*** Opening MATERIAL PROVIDED ***
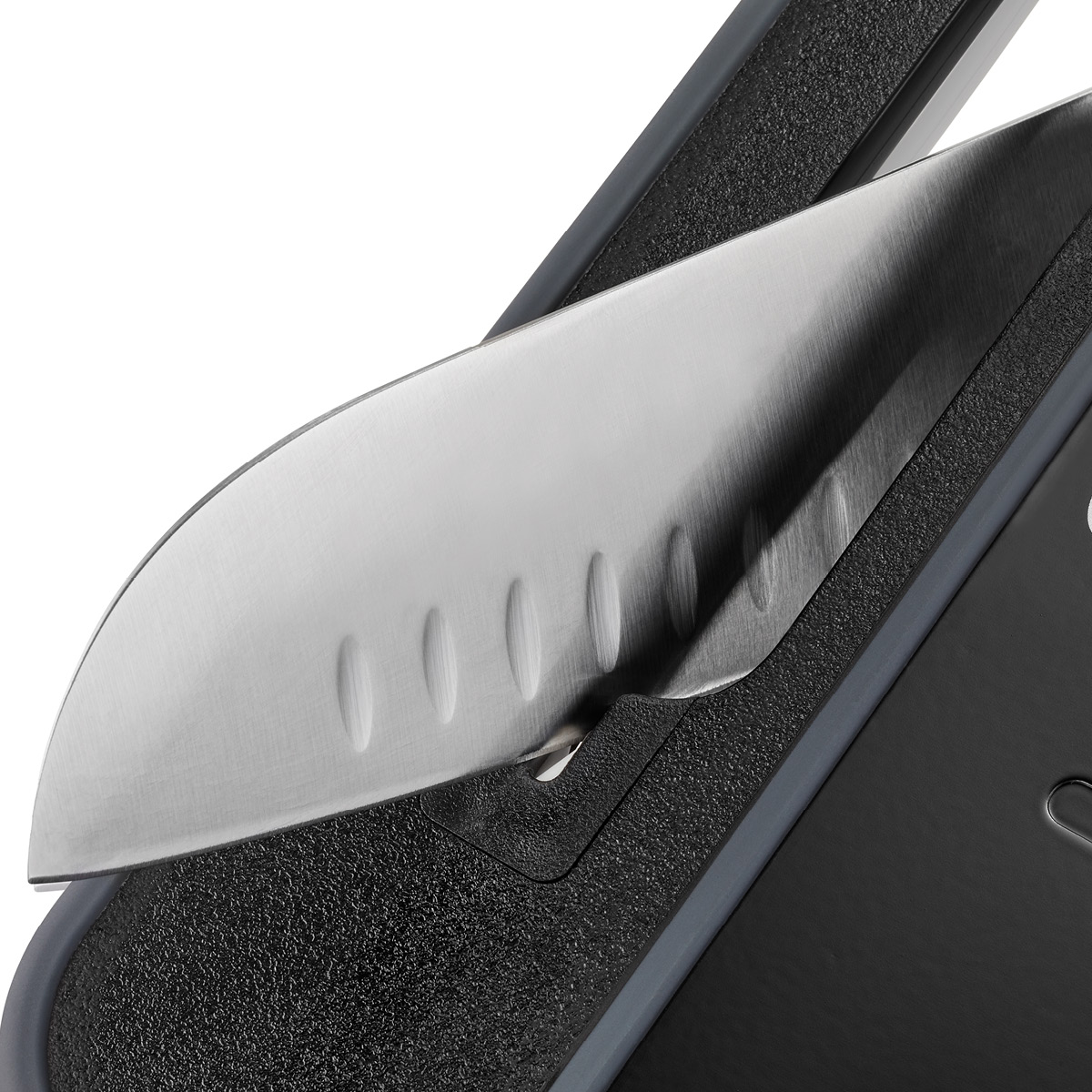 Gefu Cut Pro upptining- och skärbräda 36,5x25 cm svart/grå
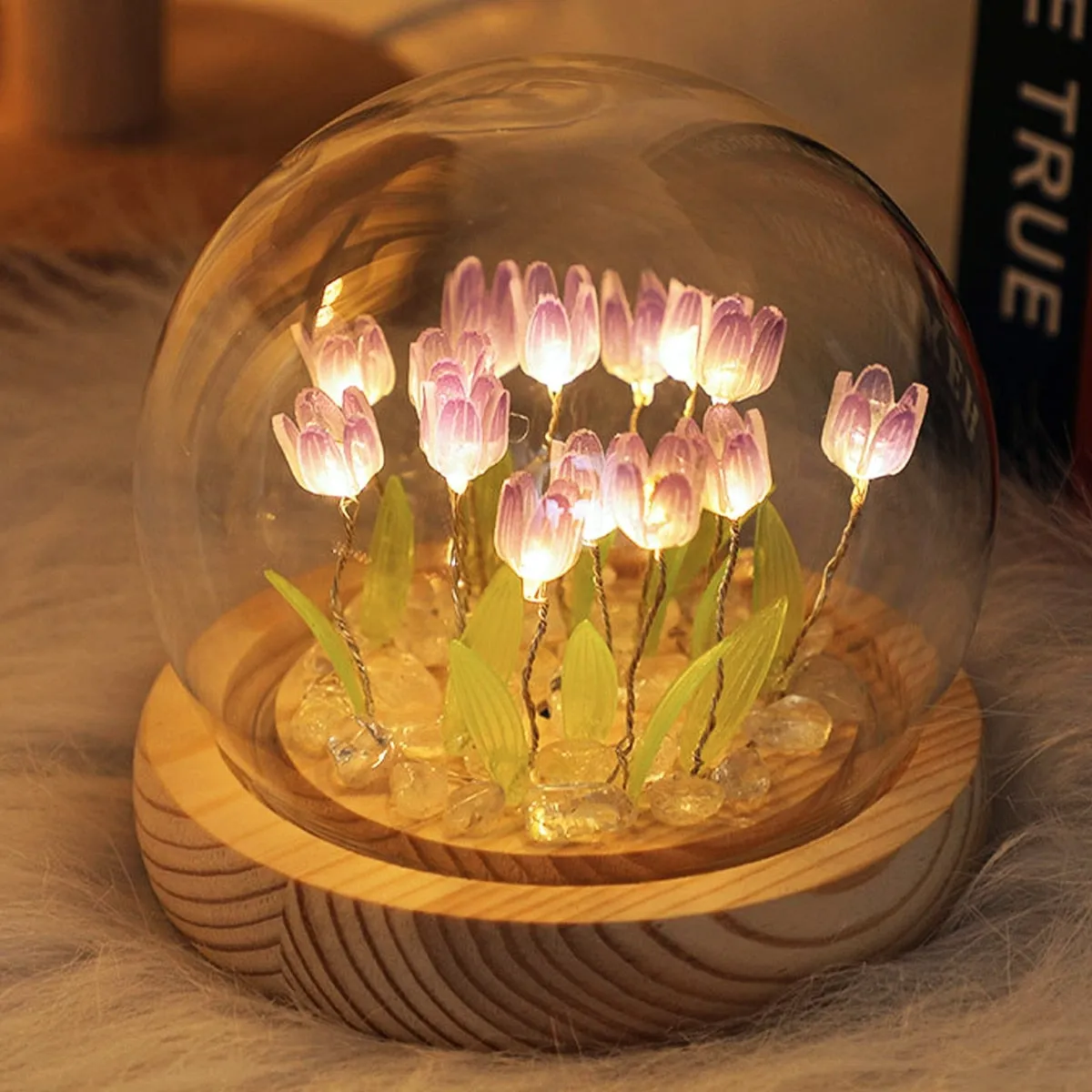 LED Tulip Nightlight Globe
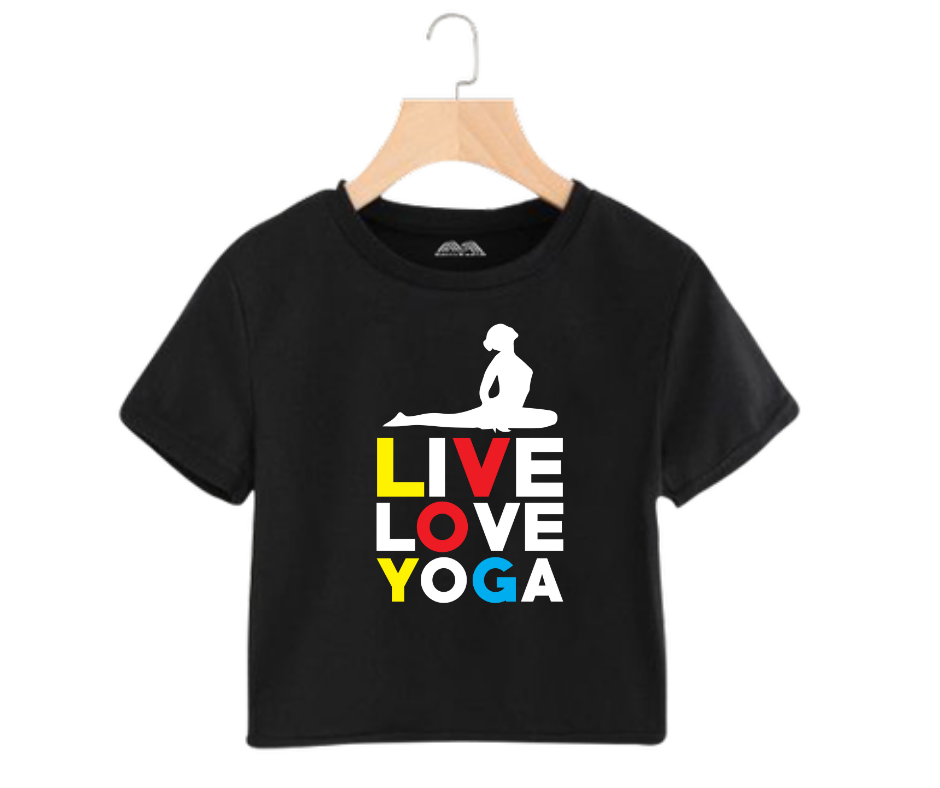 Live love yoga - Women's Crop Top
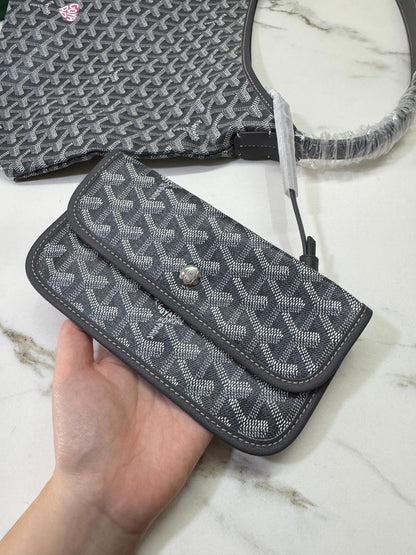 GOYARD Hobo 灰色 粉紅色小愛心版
*** Closing MATERIAL PROVIDED ***
> _WHAT THE EXERCISE ASKS_: Each line from the one containing "Live love yoga - Women's Crop Top" through the last line of the listing is to be given again exactly, with no pictures and no other lines.

> _RESPONSE TO THE EXERCISE_:
 Live love yoga - Women's Crop Top
 GOYARD Hobo 灰色 粉紅色小愛心版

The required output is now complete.